The mansion in Russia had survived revolutions, empires, and the slow erosion of time itself.
Thick stone walls rose from the snow like a fortress disguised as elegance, crowned with gilded spires and wide windows that glowed warmly against the endless white outside. This place had once belonged to a queen.
And in truth—it still did.
Officially, I was dead. History recorded my fall with solemn certainty. A queen lost to time, tragedy, and politics.
Unofficially, I had taken my fortune, my influence, and my future with me.
Through the Foundation, through front corporations, financial manipulations, and quiet control of entire industries, I had become something far more dangerous than royalty.
A woman with money, patience, and secrets.
Tonight, the mansion belonged to the Overseer Council.
All thirteen of us.
That alone made it historic.
The main hall had been cleared of its usual severity. No briefing tables. No holographic displays. No threat assessments scrolling endlessly in the air.
Instead, long tables were set with food from across the world—Russian delicacies beside Egyptian dishes, European wines alongside drinks that technically no longer existed in this timeline.
Crystal glasses caught the light of chandeliers that had once hosted emperors.

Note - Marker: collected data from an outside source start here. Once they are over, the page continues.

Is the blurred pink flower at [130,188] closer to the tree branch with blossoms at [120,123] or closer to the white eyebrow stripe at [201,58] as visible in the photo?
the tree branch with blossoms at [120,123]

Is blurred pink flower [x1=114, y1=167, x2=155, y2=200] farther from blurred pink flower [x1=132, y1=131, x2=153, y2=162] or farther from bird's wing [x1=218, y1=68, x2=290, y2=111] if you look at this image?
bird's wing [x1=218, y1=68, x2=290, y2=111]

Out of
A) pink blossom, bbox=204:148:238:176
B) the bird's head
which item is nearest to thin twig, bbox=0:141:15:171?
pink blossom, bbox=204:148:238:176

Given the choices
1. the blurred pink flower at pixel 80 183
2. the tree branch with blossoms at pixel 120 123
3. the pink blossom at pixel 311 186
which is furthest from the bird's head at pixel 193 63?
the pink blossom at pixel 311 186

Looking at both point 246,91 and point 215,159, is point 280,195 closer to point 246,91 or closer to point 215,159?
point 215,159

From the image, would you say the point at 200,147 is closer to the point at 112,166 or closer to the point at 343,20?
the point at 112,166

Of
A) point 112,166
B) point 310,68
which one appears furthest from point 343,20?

For once, there were no alarms.
No breaches.
No end-of-the-world countdowns.
Just us.
Julius stood near the fireplace, coat discarded, glass of wine in hand, actually smiling. Not the diplomatic half-smile he used to calm angry gods—but a real one.

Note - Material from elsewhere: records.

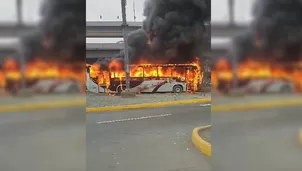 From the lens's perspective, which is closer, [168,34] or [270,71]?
[270,71]

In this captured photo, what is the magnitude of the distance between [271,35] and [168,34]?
22.2 feet

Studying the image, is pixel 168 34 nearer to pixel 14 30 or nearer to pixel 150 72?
pixel 150 72

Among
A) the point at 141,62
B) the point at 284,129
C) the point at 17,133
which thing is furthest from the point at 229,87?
the point at 141,62

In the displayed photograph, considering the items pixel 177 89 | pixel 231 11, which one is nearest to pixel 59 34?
pixel 231 11

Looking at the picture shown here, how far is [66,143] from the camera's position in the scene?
3.43ft

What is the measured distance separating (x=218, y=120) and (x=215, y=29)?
0.28 m

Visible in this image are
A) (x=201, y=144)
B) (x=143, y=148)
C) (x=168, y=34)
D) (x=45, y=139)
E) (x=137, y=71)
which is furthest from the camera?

"You know," he said calmly, "if anyone ever saw all thirteen Overseers in the same room like this, drinking and laughing, the world would end purely out of confusion."

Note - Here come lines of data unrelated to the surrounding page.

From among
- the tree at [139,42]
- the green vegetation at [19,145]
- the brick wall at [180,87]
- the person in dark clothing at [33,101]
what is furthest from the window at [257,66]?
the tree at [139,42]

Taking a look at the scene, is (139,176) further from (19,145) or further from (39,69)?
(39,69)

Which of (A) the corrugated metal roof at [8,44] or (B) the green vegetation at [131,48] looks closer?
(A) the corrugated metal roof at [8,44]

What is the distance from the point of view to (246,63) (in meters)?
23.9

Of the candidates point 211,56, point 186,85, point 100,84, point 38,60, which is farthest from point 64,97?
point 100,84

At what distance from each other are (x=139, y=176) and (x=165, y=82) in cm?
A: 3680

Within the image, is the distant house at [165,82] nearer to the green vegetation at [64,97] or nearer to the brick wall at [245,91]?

Sun Tzu gave a rare, dry chuckle from his seat. "Statistically accurate. Secrecy protocols alone would collapse."
Cleopatra reclined comfortably, swirling gold-flecked wine in her glass. "Let it collapse for one night. Even gods feast after victory."
Darius was, as always, partially in shadow—leaning against a pillar where the light never quite touched. He didn't speak much, but he was listening to everything. Always was.
Alex was already poking at a strange antique chess set on a side table."Do you think this thing is anomalous," they asked casually, "or just cursed in a boring way?"
"Please don't activate anything," William said immediately, without looking up from his drink. "I did not run simulations for party-based reality failure."
Lincoln raised his glass. No theatrics. No aura. Just sincerity.
"To the Council," he said."To a world that doesn't know how close it came—and to the people who made sure it never will."
Glasses clinked.
Even O5-10, silent as ever, lifted his.
Music played softly—nothing modern, nothing loud. Something timeless. The kind of sound that filled a room without demanding attention.
Louis leaned back in his chair, lightning occasionally crackling faintly across his fingers when he laughed. "I have to say," he grinned, "this is significantly better than most end-of-the-world briefings."
Michael adjusted his cufflinks, surveying the room with the quiet satisfaction of a man who had funded every detail of it. "Just remember," he said lightly, "this party technically counts as an expense report."
"I'll approve it," I replied calmly.
That earned a ripple of amusement.
Julius eventually drifted closer to me, lowering his voice.
"You did it," he said. "A full council. Thirteen seats. No gaps."
"For now," I replied.
He nodded. "For now is more than we've had in centuries."
Outside, snow fell gently, muffling the world.
Inside, thirteen beings who could shatter nations were debating wine preferences, playing cards, and arguing over who cheated at a board game Alex had definitely modified.
Even The Brain joined via secure holo-link, his voice echoing warmly through the room.
"I am recording this as morale optimization," he said."Please continue behaving like functional friends."
Laughter followed.
For one night, the Overseer Council was not a myth.
Not a shadow.
Not a last line of defense.
We were simply thirteen people in a mansion in Russia—celebrating the fact that the world still existed.
And that tomorrow, we would keep it that way.